The chorales, on the other hand, also feel like the hymns that they are intended to be, and this brings me to the singing of the Crouch End Festival Chorus. Whether their sound is for you will depend partly on your expectations, but primarily on whether you buy into their approach. They are a chorus of more than a hundred amateurs, so they sound a universe away from, say Apollo’s Fire, and that means that their sound isn't nearly as lithe or as transparent as you'd get from a smaller professional chorus. But that doesn't necessarily mean they deliver a worse experience. In fact, the levels of drama and incisiveness that they bring to the turba choruses are often extraordinary, and must have required a great deal of rehearsal time. And, yes, the chorales can sound rather cloudy in places, but this should only remind you that Bach originally intended them to be sung by the people in the congregation and, for me, that contributed more to sense of immediacy and humanity.

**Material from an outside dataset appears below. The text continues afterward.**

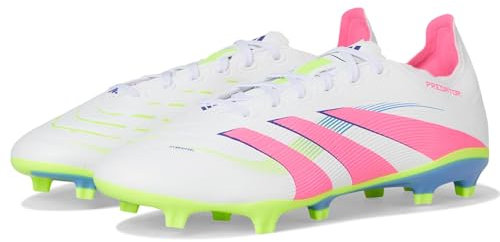 adidas Scarpe da Calcio Unisex Predator League Firm Ground/Multi Ground, Bianco Lucido Rosa Lucido Limone, 42 EU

The soloists, however, are professionals, and they do a very good job. Robert Murray is only the most obviously excellent of them.  Next to him, Ashley Riches makes an uncommonly human, vulnerable Jesus, and Andrew Ashwin’s Pilate sounds similarly sympathetic, not to mention conflicted.  Sophie Bevan sounds lovely in the soprano solos, and in her second aria (“O heart, melt in weeping”) sounds more secure and comfortable than she did in the King’s recording. It's great hearing Neal Davies in the arias, and it's fascinating contrasting his reflective approach to the arias with his more dramatic approach to the part of Christ in the King’s recording.  Robin Blaze sounds a little cloudy in his first aria, but is marvellously alive in his second.  Benjamin Hulett is beautifully mellifluous.

The playing of the Bach Camerata, on period instruments, is unimpeachable. They create dramatic tension in the opening chorus through playing of marvellous precision, and the instrumental obligatti are top notch throughout, with a particularly affecting solo in “It is fulfilled” (“Es ist vollbracht”). The conducting of David Temple, the chorus’ founder, is of a standard that could happily hold its own in the company of any of the conductors mentioned elsewhere in this review, and among many others more famous.

The obvious competition for this will come from the English Chamber Orchestra’s 1971 recording conducted by Benjamin Britten, which is in its own way wonderful, but this one feels more immediate and more involving because of the excellent sound, the clarity of the singing and the consistent beauty of the textures. Only you will know whether you're in the market for this one, but I found it very compelling and, indeed, a pleasant surprise!

So as the Easter season draws to a close, I can count myself blessed to have heard all of these performances. The only one I would consciously cast aside is the one from King’s, for reasons I have expressed elsewhere, but I’d be delighted to live with any of these. If forced to pick, I’d go for Minkowski because I found his overall vision so compellingly convincing, but I’m very pleased that his recording will live on my shelf next to David Temple’s.

All three have excellent booklet notes, by the way, including texts and (where appropriate) translations. Furthermore, all three manage to fit the whole of Part One onto the first disc and the whole of Part Two onto the second.